** Given data follows **

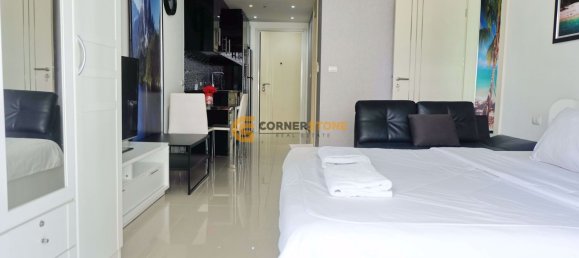 2 chambres Condo à Pattaya, Thailand No. 5755 13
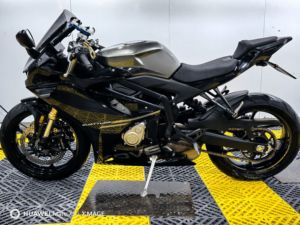 二手凯越450RR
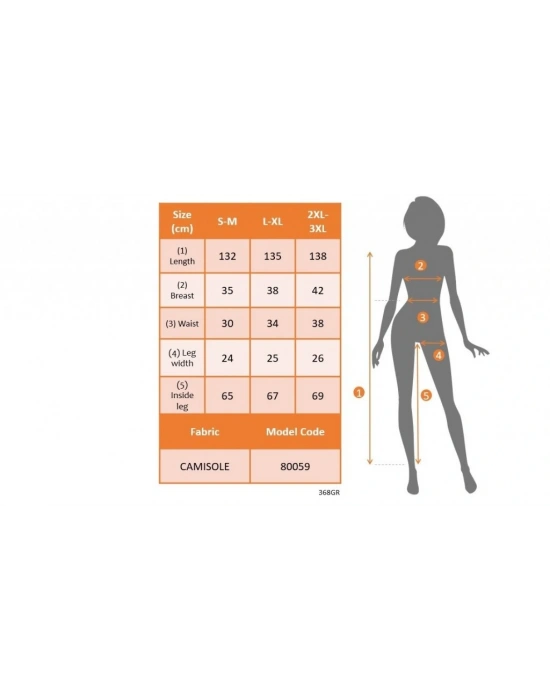 Kadın Uzun Kollu V Yaka Baş Parmak Geçirmeli Detay Kaşkorse Tulum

** End of Given data **

The material above must be printed exactly, with its pictures left out.

[Response area]:
 2 chambres Condo à Pattaya, Thailand No. 5755 13
 二手凯越450RR
 Kadın Uzun Kollu V Yaka Baş Parmak Geçirmeli Detay Kaşkorse Tulum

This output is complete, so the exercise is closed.